EXERCISE OBJECTIVE.
Each record should be retyped word for word.

RECORD SET.
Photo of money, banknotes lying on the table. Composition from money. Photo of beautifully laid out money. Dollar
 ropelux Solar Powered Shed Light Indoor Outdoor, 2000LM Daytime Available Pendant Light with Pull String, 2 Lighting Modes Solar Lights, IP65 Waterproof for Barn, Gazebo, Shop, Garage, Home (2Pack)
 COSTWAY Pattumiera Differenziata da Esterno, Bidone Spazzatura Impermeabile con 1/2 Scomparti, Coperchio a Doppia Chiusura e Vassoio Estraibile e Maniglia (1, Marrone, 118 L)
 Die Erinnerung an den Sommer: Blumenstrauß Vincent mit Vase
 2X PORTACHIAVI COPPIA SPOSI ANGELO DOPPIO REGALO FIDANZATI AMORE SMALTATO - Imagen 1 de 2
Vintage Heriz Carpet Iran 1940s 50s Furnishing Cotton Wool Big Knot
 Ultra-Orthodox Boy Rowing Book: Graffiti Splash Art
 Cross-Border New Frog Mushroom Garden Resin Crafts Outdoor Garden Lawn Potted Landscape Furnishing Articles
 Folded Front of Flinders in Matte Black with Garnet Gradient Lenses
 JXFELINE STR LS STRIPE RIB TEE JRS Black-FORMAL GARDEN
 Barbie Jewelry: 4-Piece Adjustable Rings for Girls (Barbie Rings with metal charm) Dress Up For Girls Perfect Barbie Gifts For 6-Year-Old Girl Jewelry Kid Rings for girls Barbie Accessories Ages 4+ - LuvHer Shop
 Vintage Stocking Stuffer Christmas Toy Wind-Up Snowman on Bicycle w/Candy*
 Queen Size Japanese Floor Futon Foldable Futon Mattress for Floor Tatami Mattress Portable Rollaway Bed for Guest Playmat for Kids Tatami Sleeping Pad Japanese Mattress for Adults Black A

RESULT FOR THIS TASK.
Photo of money, banknotes lying on the table. Composition from money. Photo of beautifully laid out money. Dollar
 ropelux Solar Powered Shed Light Indoor Outdoor, 2000LM Daytime Available Pendant Light with Pull String, 2 Lighting Modes Solar Lights, IP65 Waterproof for Barn, Gazebo, Shop, Garage, Home (2Pack)
 COSTWAY Pattumiera Differenziata da Esterno, Bidone Spazzatura Impermeabile con 1/2 Scomparti, Coperchio a Doppia Chiusura e Vassoio Estraibile e Maniglia (1, Marrone, 118 L)
 Die Erinnerung an den Sommer: Blumenstrauß Vincent mit Vase
 2X PORTACHIAVI COPPIA SPOSI ANGELO DOPPIO REGALO FIDANZATI AMORE SMALTATO - Imagen 1 de 2
Vintage Heriz Carpet Iran 1940s 50s Furnishing Cotton Wool Big Knot
 Ultra-Orthodox Boy Rowing Book: Graffiti Splash Art
 Cross-Border New Frog Mushroom Garden Resin Crafts Outdoor Garden Lawn Potted Landscape Furnishing Articles
 Folded Front of Flinders in Matte Black with Garnet Gradient Lenses
 JXFELINE STR LS STRIPE RIB TEE JRS Black-FORMAL GARDEN
 Barbie Jewelry: 4-Piece Adjustable Rings for Girls (Barbie Rings with metal charm) Dress Up For Girls Perfect Barbie Gifts For 6-Year-Old Girl Jewelry Kid Rings for girls Barbie Accessories Ages 4+ - LuvHer Shop
 Vintage Stocking Stuffer Christmas Toy Wind-Up Snowman on Bicycle w/Candy*
 Queen Size Japanese Floor Futon Foldable Futon Mattress for Floor Tatami Mattress Portable Rollaway Bed for Guest Playmat for Kids Tatami Sleeping Pad Japanese Mattress for Adults Black A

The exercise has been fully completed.